Never have I enjoyed marketing. I don't dislike it but I don't like it either.
Marketing is the like learning concepts and theories inside a classroom. They are intangible... just words that you have to understand and later on apply. I was never a fan of it. I have always preferred learning things in the most practical way - which is doing it on the job. Therefore, rather than a person giving me sales talk about a product I would rather have his mouth shut and just let me try the product. (Probably the reason why I have always loved sample products). It gives you the real deal. No fake promises. No fancy and big words.
But today, I had to do a little bit of marketing. I had to sell myself today to my manager. But I think the situation is a bit different. Because this manager has already seen the product (which is me) and how it (in this case, I) work. So, it's more of proving oneself that you can do more. So yeah, I guess still marketing.
I do not have the best words for myself. It took me a lot of time to prepare for me to have something to write on my notes. It was crazy. It was so HARD. Nothing comes out of my head. And when I try to do a mock interview, I was stuttering. But I had to overcome it if I really want to this... THIS PROMOTION.
DB promotion is really crucial. I just learned now that in Mumbai branch the process is even more rigorous compared to what we have in Manila. But Manila, as it is, is really hard especially when one would compare it to other service centers or even to other banks. People don't just get promoted because they are good or they've done better. They are getting promoted because they have done the best. Competition is really intense. And one has to always keep up his/her game.

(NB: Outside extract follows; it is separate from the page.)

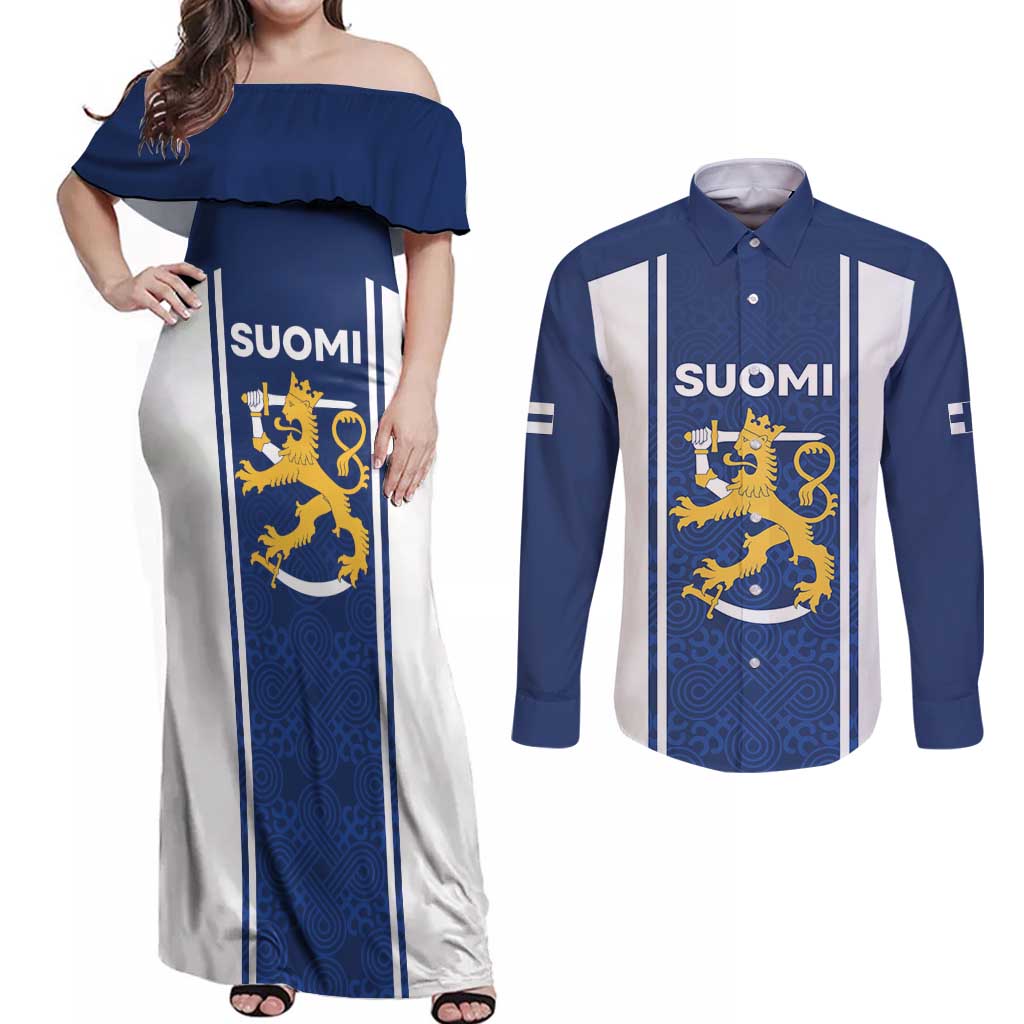Personalized Finland Suomi Lion Couples Matching Off Shoulder Maxi Dress and Long Sleeve Button Shirt Pride Of The North - Wonder Print Shop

To be promoted, I have to undergo 2 interviews. One just happened a few hours ago. I was interviewed in Mumbai. There was a little bit of pressure especially during the preparation part of the process as I was also doing migration of the process.
INTERVIEWS. Selling myself. Proving that I fit for the job. OH MY.

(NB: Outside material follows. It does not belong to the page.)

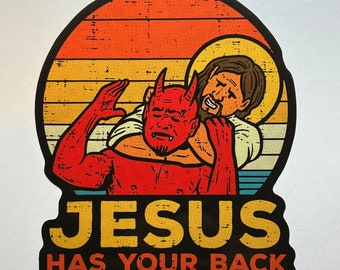 Christian Jiujitsu Vinyl Sticker - Jesus Has Your Back 4 Inch Grappling Design - Waterproof & Fade-Resistant Retro Faith And Humor Decal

But I had to do it. I do believe I truly deserve this promotion. I had to sell myself.
There were a lot of evaluation that had happened. I had to reflect and ponder on the things I have done over the past two years in the Bank... what went well and what could have done better. Those are the two basic questions that could branch into so many answers.
It wasn't easy. The perception of oneself against another person will certainly differ, and selling oneself (through an interview)can reconcile this two together. Three important things to remember in every marketing task: TRUTH, FATIH and CONFIDENCE.
TRUTH: Probably one of the reasons why I don't believe in marketing (at least for product marketing) is that most people doing it talk bullshit. In selling oneself, one has to only talk about the truth. No masks. No fake promises. One may have goal such as high sales or in my case be promoted but you can't never get it by lying. Always...always speak about the truth. Because it will certainly get back at you when you lie.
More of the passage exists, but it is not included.